Monday, July 11, 2011






ok, so here i go....

i can honestly say without a quiver of doubt that this is the single most painful experience of my life. my heart is broken, i feel an emptiness that is impossible to describe. looking around at my sweet frankie's things somehow gave me a feeling of hope, and comfort. i know he's gone, but maybe a part of me thought that having his stuff around would provide me with a warmth or hope or something. i realize now that it was only avoiding the obvious. my mother kept telling me to throw away his things, but i just couldn't do that. it sounded too final, and so cold. my whole life is not what it used to be. simple little gestures, from maneuvering around the couch and bed to not squish him, to changing my vocabulary. there are things that i say that are habit that i don't need to say anymore. physical habits, of walking, feeding, petting, holding, everything. its all gone. its a very strange feeling. solitude, sorrow, empty, numb, are all words i feel. i have never felt these things before. i don't want it, and i can't get rid of it. as i type this, i'm baking a soft clay paw print that was made of frankie's feet before or after, i have no idea, he died. i picked up his ashes today. i've never seen ashes of anything or anyone before. its horrifying. i wish i didn't look at them. they live in a box, with his collar and tags, and will always be set in the sun. my sweet baby loved to sunbathe. watching him move his bed from one sunny spot to another was so adorable, my little sun dial, yet another habit i will miss. the way frankie would whine by my head until i let him get under the covers every night, how he would just find the perfect spot to nestle up to me and squeeze in, would melt my soul. that boy gave me so much love, and i hope he knows how much i love him back.

to think for a moment that he lived in any pain, destroys me. i know towards the end, he did have some discomfort, but never let on to it. looking back, he was preparing me for the things i know now he knew, and i would deny. my heart is broken. part of me is gone, and i just don't know what to do with myself. this heavy heart of mine is trying to move forward, but all i can see is empty places where my shadow used to live.

everyone keeps telling me that in time, i will feel better, and i get that, but i just can't understand it right now. suddenly time is moving so slowly, and all i have is time to feel the pain and loss. and perhaps this is all part of the process, but thinking about his sweet face, and little heartbeat next to mine is a constant reminder that he is very much gone, and all i am is lost.

my heart is broken. if i could have just a little more time with him, i would never let him go. yet, in the end, i was forced to make that very decision. my sweet sweet frankie, i pray you are at peace.


1 comment:

  1. I know.
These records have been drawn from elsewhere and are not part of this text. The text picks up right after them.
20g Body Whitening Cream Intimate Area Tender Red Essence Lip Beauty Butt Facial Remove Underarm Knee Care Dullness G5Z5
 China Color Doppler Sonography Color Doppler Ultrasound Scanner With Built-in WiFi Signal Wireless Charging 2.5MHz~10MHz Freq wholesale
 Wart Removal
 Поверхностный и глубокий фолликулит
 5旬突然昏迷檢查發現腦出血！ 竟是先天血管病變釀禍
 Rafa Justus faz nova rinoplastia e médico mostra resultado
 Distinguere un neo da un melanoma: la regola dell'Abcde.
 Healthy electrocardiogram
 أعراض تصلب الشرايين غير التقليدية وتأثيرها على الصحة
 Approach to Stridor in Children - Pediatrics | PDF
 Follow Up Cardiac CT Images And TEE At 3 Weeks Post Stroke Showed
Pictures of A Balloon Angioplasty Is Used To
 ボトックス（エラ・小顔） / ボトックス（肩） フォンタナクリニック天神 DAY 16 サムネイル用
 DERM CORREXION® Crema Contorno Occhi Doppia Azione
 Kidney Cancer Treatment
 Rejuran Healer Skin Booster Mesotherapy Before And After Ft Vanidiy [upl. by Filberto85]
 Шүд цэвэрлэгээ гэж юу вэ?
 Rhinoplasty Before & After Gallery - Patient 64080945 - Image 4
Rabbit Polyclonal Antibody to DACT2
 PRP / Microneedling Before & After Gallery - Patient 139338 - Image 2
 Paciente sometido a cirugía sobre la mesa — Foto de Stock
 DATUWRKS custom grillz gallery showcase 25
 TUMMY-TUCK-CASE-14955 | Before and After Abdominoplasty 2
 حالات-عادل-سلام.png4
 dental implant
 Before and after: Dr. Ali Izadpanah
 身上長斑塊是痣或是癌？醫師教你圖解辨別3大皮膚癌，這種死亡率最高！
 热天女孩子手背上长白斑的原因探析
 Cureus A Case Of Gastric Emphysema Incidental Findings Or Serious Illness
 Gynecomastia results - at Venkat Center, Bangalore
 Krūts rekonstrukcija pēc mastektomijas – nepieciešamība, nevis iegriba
We lost our little Lucy a couple of months back and there's no way to describe the pain, the emptiness, the grief, the longing. Even now, two months (tomorrow) down the track, there is a void in the house that feels as though it will never be filled.

    Our pets are our babies, our children. It is only natural that we grieve for them.

    Your Frankie is such a sweetheart.

    Thinking of you. Please know that you're not alone.